WORK TO COMPLETE>
Could you write out the listing below exactly as it stands, leaving out the pictures?
━━ EXTRACTED ENTRIES
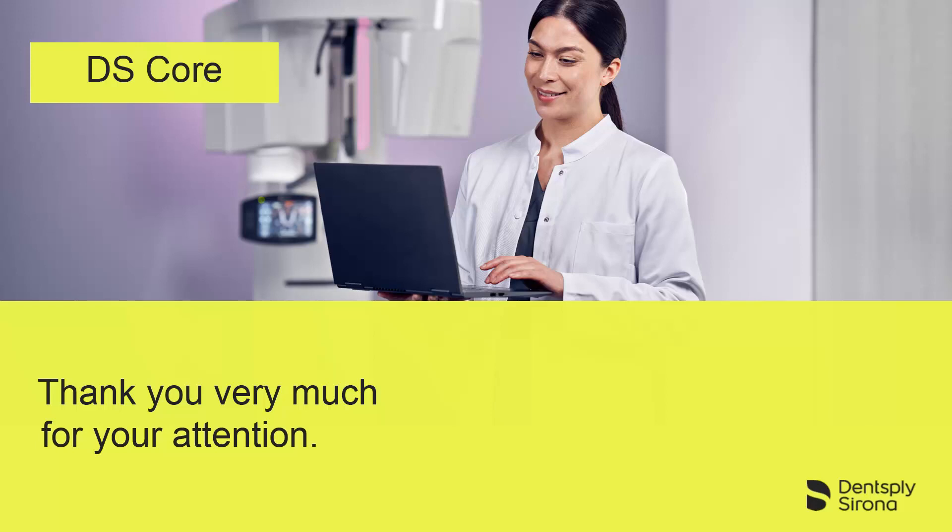Thank you very much for your attention. We wish you all success now that you are expanding your practice with DS Core.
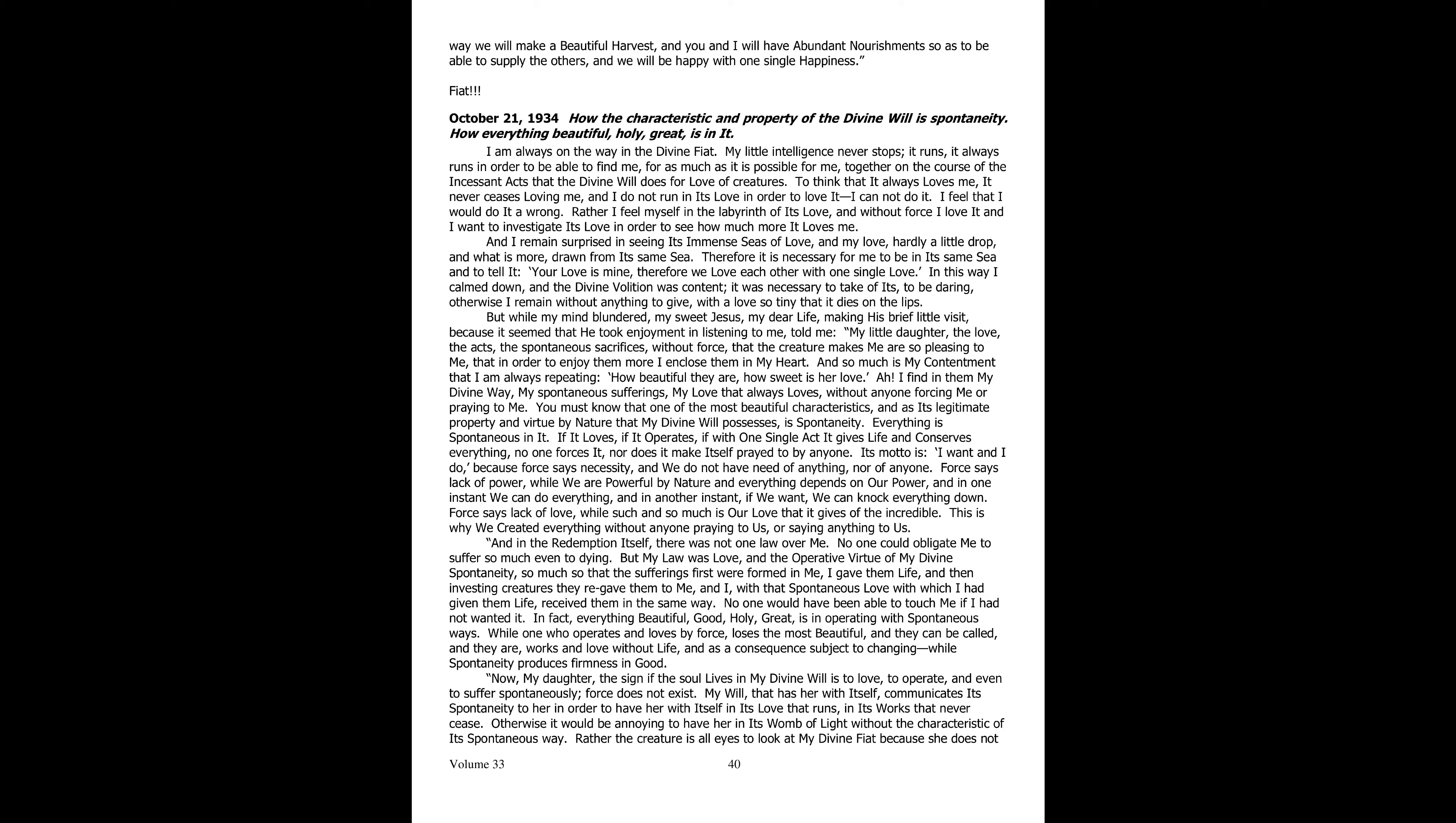But while my mind was pouring out nonsense, my sweet Jesus, my dear life, making his short little visit, in a way that it seemed he took delight in listening to me, told me, My little daughter, the love, the acts, the sacrifices that are spontaneous, with no strain, done by the creature for me, are so pleasing to me, that in order to enjoy them more, I enclose them inside my heart. And my contentment is so great, that I keep repeating, How beautiful they are! How sweet is her love! Ah, in them I find my divine way, my spontaneous pains, my love that loves constantly, with no one forcing me or begging me to.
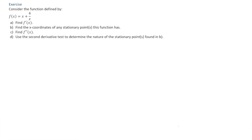Let's look at another example. As a second example, we'll consider the function defined by f of x equals x plus 4 over x. Again, we're asked four questions: question A, find the first derivative f'(x); question B, find the x-coordinates of any stationary points; question C, find the second derivative f''(x); and question D, use the second derivative test to determine the nature of the stationary points found in part B.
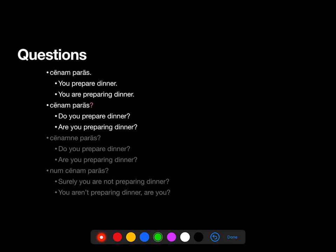Another way to turn this into a question is to add not just a question mark, but also this little word 'ne'. And 'ne' attaches to the first word of the question — no matter what that first word is, 'ne' attaches to it like a little parasite. We don't translate it; it's just a little sign attached to the first word of the sentence that says this is a question. So 'cēnamne parās?' — do you prepare dinner? Are you preparing dinner? So 'ne' just shows us that we have a question, but we don't translate it.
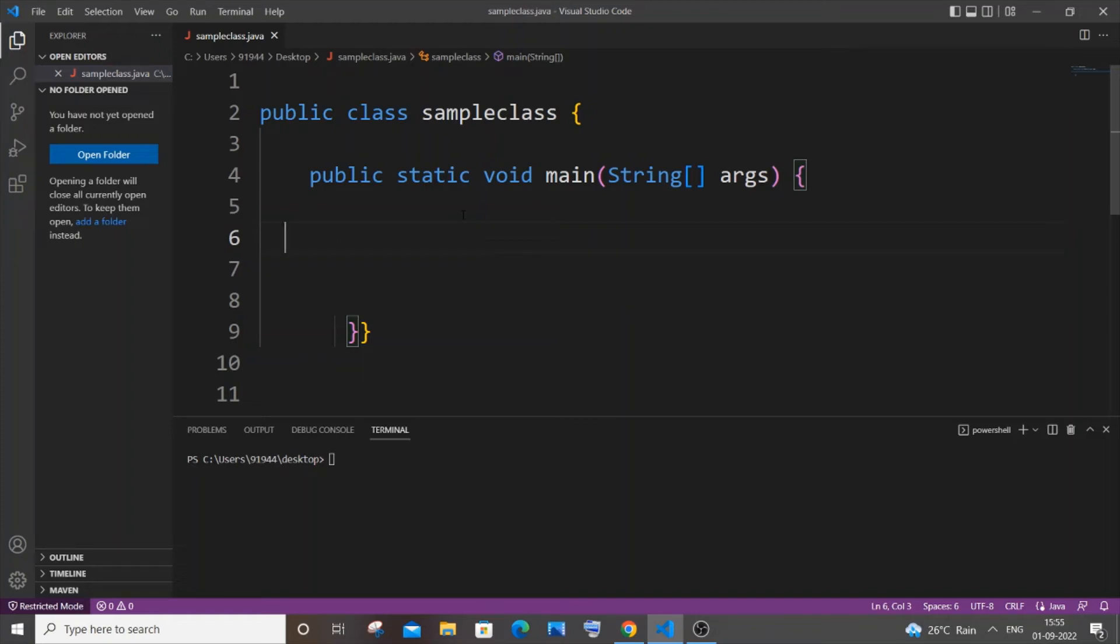Hi everyone, in this video I will be showing you how to input a character or char data type from the user in Java. So let's get started. For this we will be using the Scanner class.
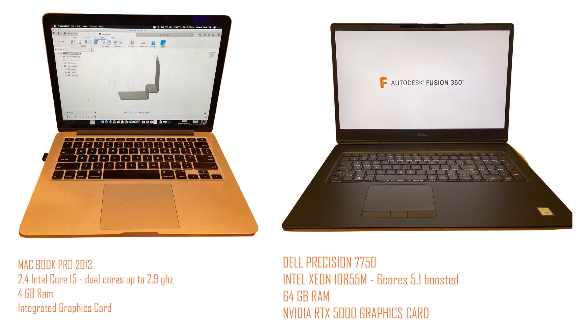I've used this Dell to run solidworks and to run very large assemblies and it does a great job. There's no way that my MacBook could keep up with that workload.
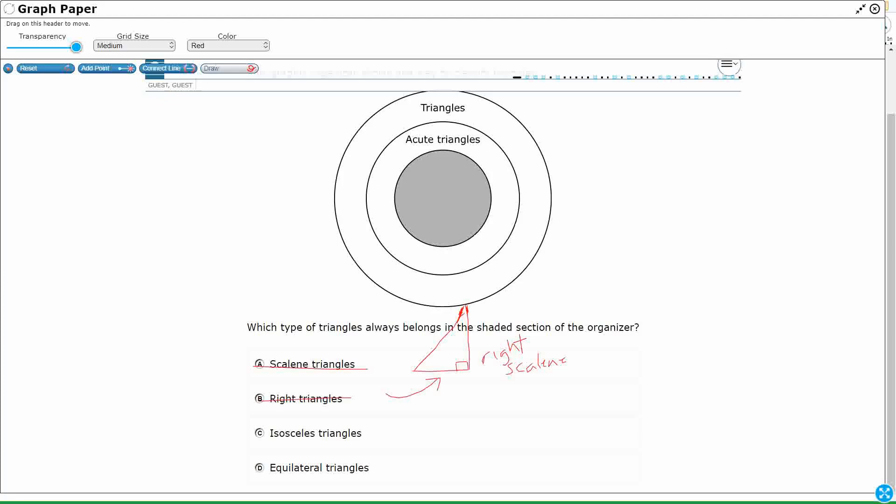Okay, isosceles. Can I make an isosceles that's not acute? Actually, yeah. Watch. If I can get these two sides to be exactly equal, you can actually make... Pretend those are equal. It is a right isosceles. Okay, so that's not going to work.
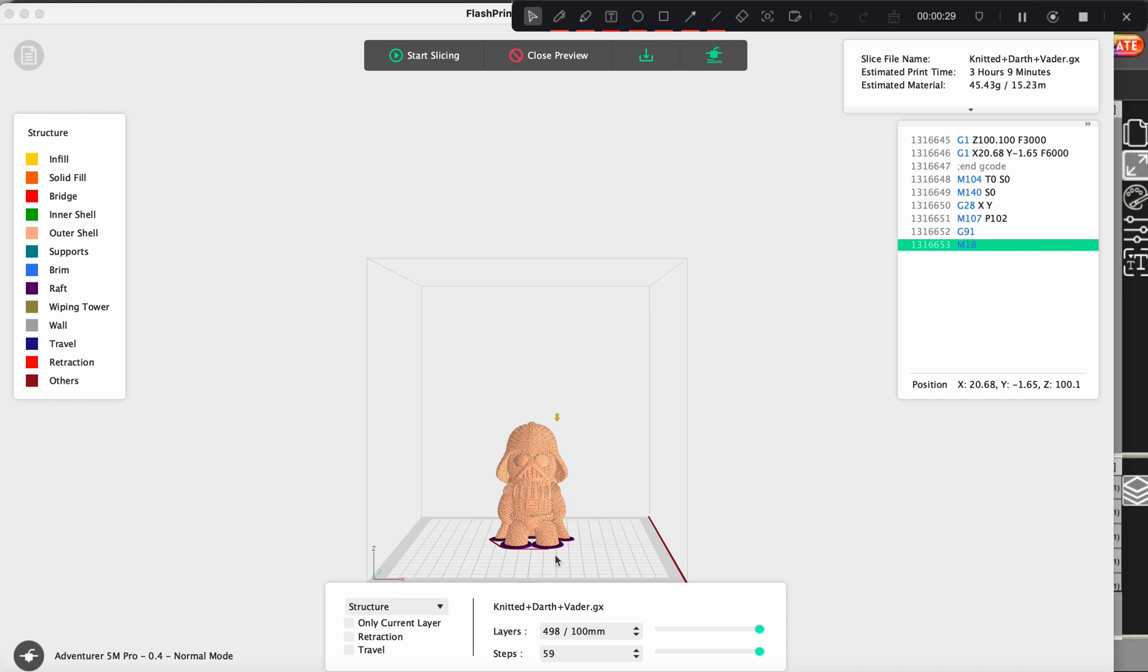And again, if you don't know what it is, a raft is something on the bottom that keeps your design that you have here from falling over. So you see here in the purple, that is the raft that we have built.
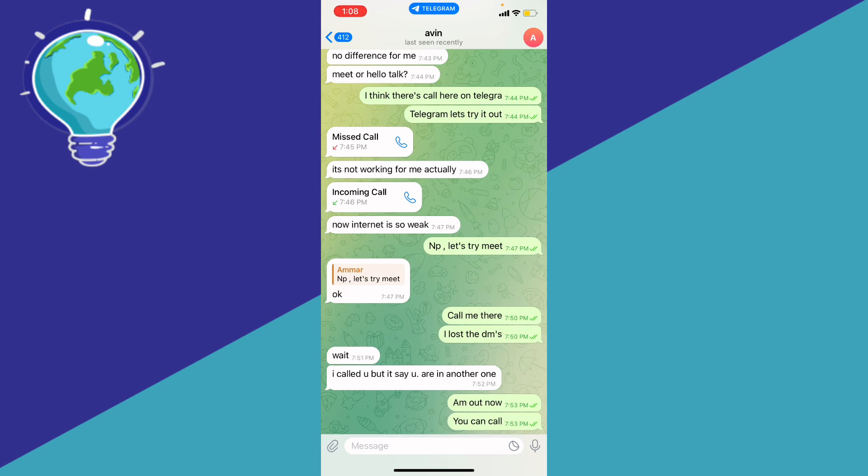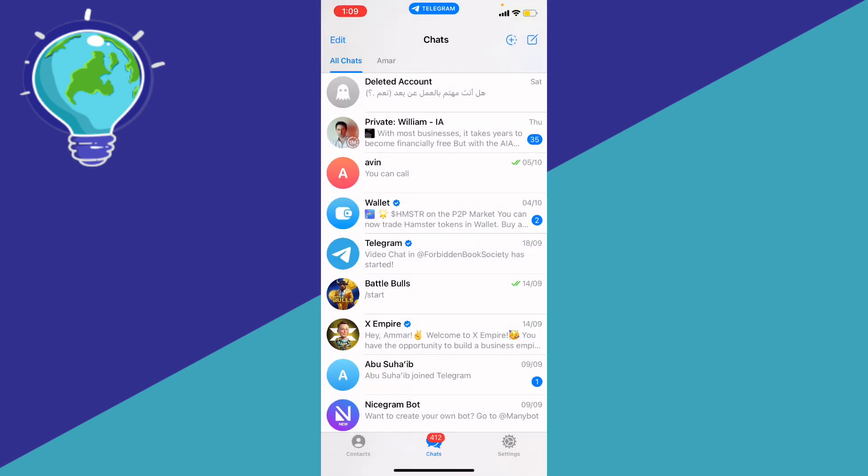As of a couple months ago, they removed that feature, so you won't be able to export the chat history if you're using Android, iPhone, or even PC. Unfortunately, for now this feature isn't available.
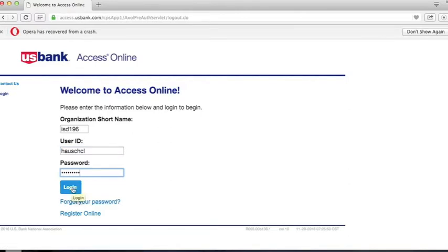Remember, Access Online will only allow three attempts to login successfully. If you do have errors in login after two attempts, we advise you to use the Forgot Your Password link to reset your password to avoid being locked out of the system.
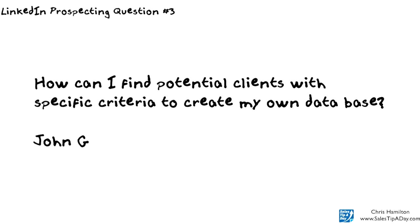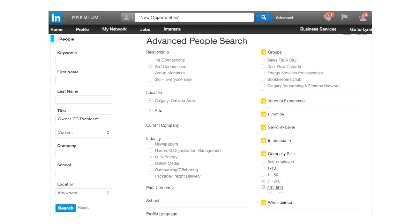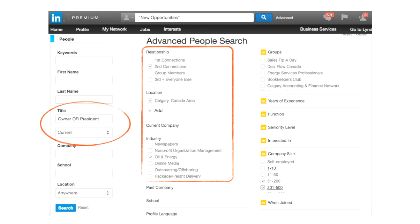I'm going to do a more generic approach on this one. One of the first things you can use is starting to look for specific individuals in specific areas. I'm using the advanced people search again, looking for owners or presidents of companies. I'm looking for second-level connections, people in Calgary, specifically in the oil and gas or oil and energy industry. I also have a premium account, so everything on the right-hand side of the advanced people search with that golden LinkedIn box is a premium search filter.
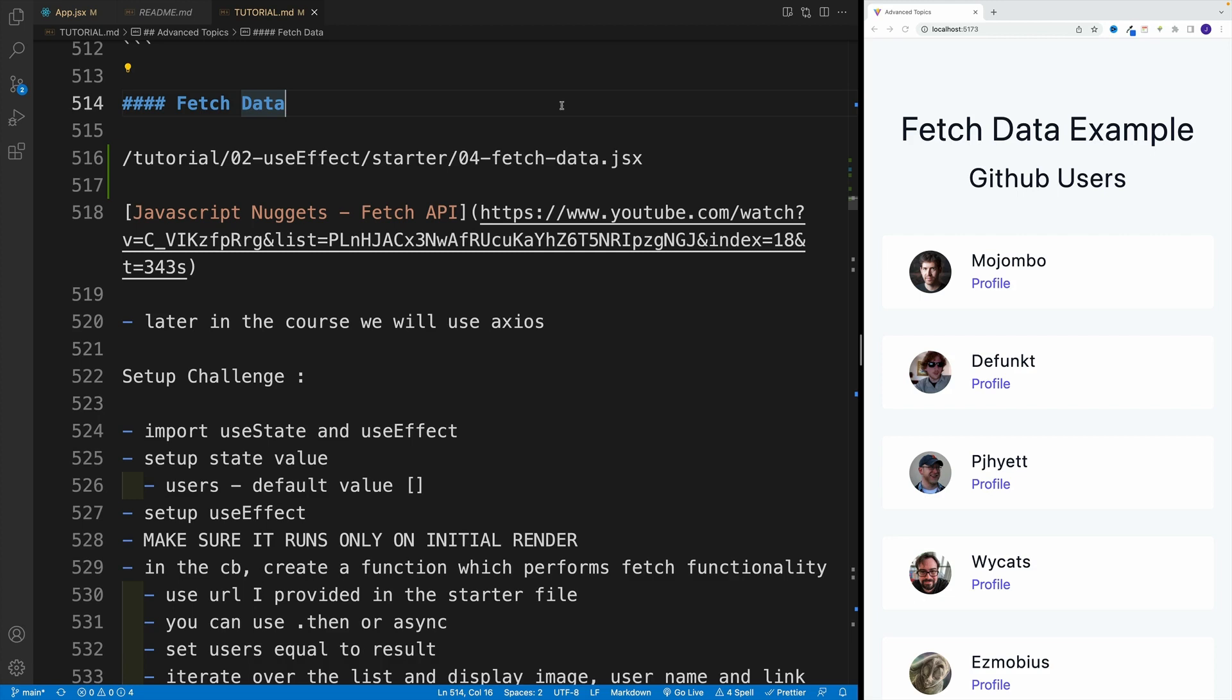And if you're not a fan of fetch, you can definitely install Axios and use it. But in my opinion, for simple examples, fetch is good enough. Now, if you're not familiar with fetch at all, then I suggest utilizing this link. This is the JS nuggets video where I cover fetch API from scratch.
━━━━
FINAL ANSWER>
Thank you very much for your attention. We wish you all success now that you are expanding your practice with DS Core.
But while my mind was pouring out nonsense, my sweet Jesus, my dear life, making his short little visit, in a way that it seemed he took delight in listening to me, told me, My little daughter, the love, the acts, the sacrifices that are spontaneous, with no strain, done by the creature for me, are so pleasing to me, that in order to enjoy them more, I enclose them inside my heart. And my contentment is so great, that I keep repeating, How beautiful they are! How sweet is her love! Ah, in them I find my divine way, my spontaneous pains, my love that loves constantly, with no one forcing me or begging me to.
Let's look at another example. As a second example, we'll consider the function defined by f of x equals x plus 4 over x. Again, we're asked four questions: question A, find the first derivative f'(x); question B, find the x-coordinates of any stationary points; question C, find the second derivative f''(x); and question D, use the second derivative test to determine the nature of the stationary points found in part B.
Another way to turn this into a question is to add not just a question mark, but also this little word 'ne'. And 'ne' attaches to the first word of the question — no matter what that first word is, 'ne' attaches to it like a little parasite. We don't translate it; it's just a little sign attached to the first word of the sentence that says this is a question. So 'cēnamne parās?' — do you prepare dinner? Are you preparing dinner? So 'ne' just shows us that we have a question, but we don't translate it.
Hi everyone, in this video I will be showing you how to input a character or char data type from the user in Java. So let's get started. For this we will be using the Scanner class.
I've used this Dell to run solidworks and to run very large assemblies and it does a great job. There's no way that my MacBook could keep up with that workload.
Okay, isosceles. Can I make an isosceles that's not acute? Actually, yeah. Watch. If I can get these two sides to be exactly equal, you can actually make... Pretend those are equal. It is a right isosceles. Okay, so that's not going to work.
And again, if you don't know what it is, a raft is something on the bottom that keeps your design that you have here from falling over. So you see here in the purple, that is the raft that we have built.
As of a couple months ago, they removed that feature, so you won't be able to export the chat history if you're using Android, iPhone, or even PC. Unfortunately, for now this feature isn't available.
Remember, Access Online will only allow three attempts to login successfully. If you do have errors in login after two attempts, we advise you to use the Forgot Your Password link to reset your password to avoid being locked out of the system.
I'm going to do a more generic approach on this one. One of the first things you can use is starting to look for specific individuals in specific areas. I'm using the advanced people search again, looking for owners or presidents of companies. I'm looking for second-level connections, people in Calgary, specifically in the oil and gas or oil and energy industry. I also have a premium account, so everything on the right-hand side of the advanced people search with that golden LinkedIn box is a premium search filter.
And if you're not a fan of fetch, you can definitely install Axios and use it. But in my opinion, for simple examples, fetch is good enough. Now, if you're not familiar with fetch at all, then I suggest utilizing this link. This is the JS nuggets video where I cover fetch API from scratch.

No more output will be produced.